### Task instructions
Leave out the pictures and repeat exactly the lines from the one containing "Adjustable Straps Child" through the final line of the listing below.

[Opening Collected material section]

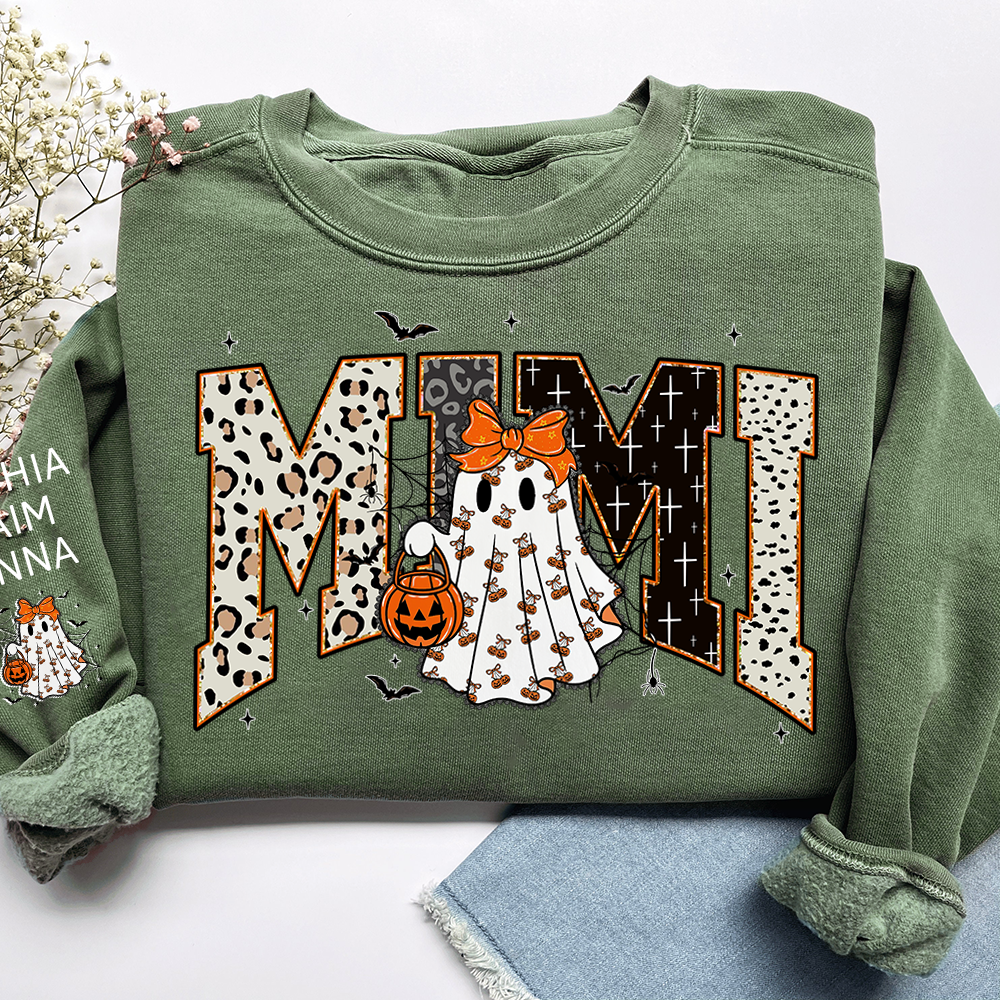 Bible Style Design, Custom Halloween Gift For Mimi And Her Grandchildren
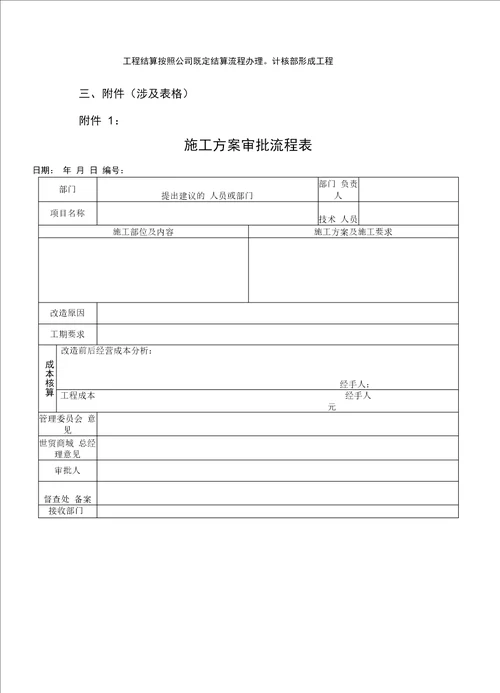 工程施工改造流程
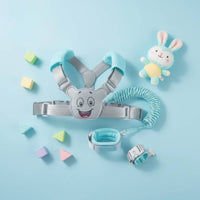 Adjustable Straps Child Safety Harness Leash Steel Wire Reinforced Anti Lost Wrist Link Breathable Cushion Toddler Walking Harness Luminous for Toddlers, Kids, Babies, Crowded Places, Shopping, Traveling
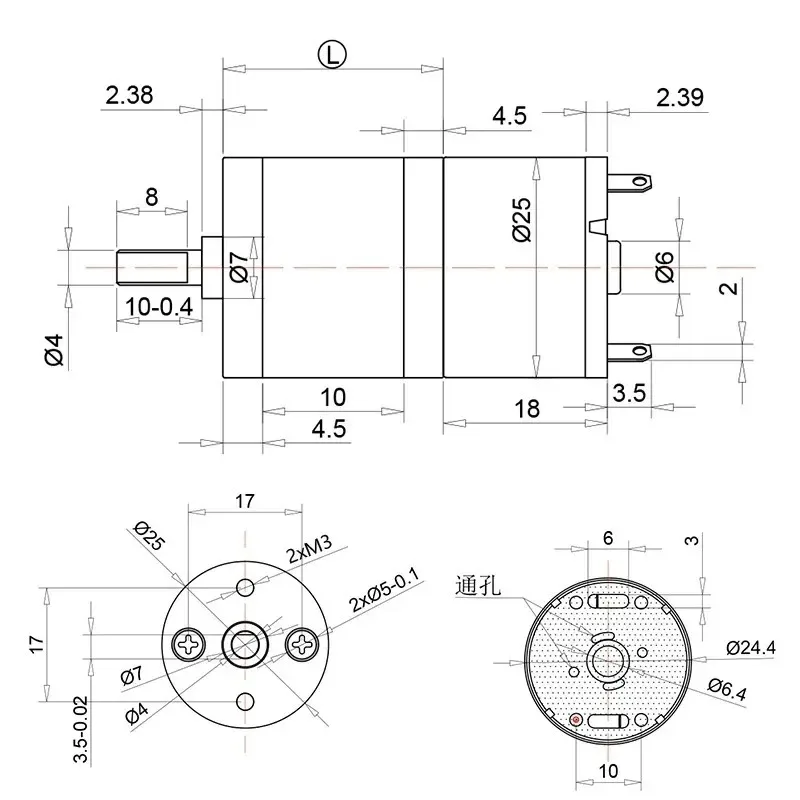 JGA25-310 Micro DC Gear Motor 6V 12V Metal Gear Reduction Motor Smart Car Home Equipment Brush Speed Motor8/10/17/23/39/50/85rpm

[Closing Collected material section]

### Exercise result
 Adjustable Straps Child Safety Harness Leash Steel Wire Reinforced Anti Lost Wrist Link Breathable Cushion Toddler Walking Harness Luminous for Toddlers, Kids, Babies, Crowded Places, Shopping, Traveling
 JGA25-310 Micro DC Gear Motor 6V 12V Metal Gear Reduction Motor Smart Car Home Equipment Brush Speed Motor8/10/17/23/39/50/85rpm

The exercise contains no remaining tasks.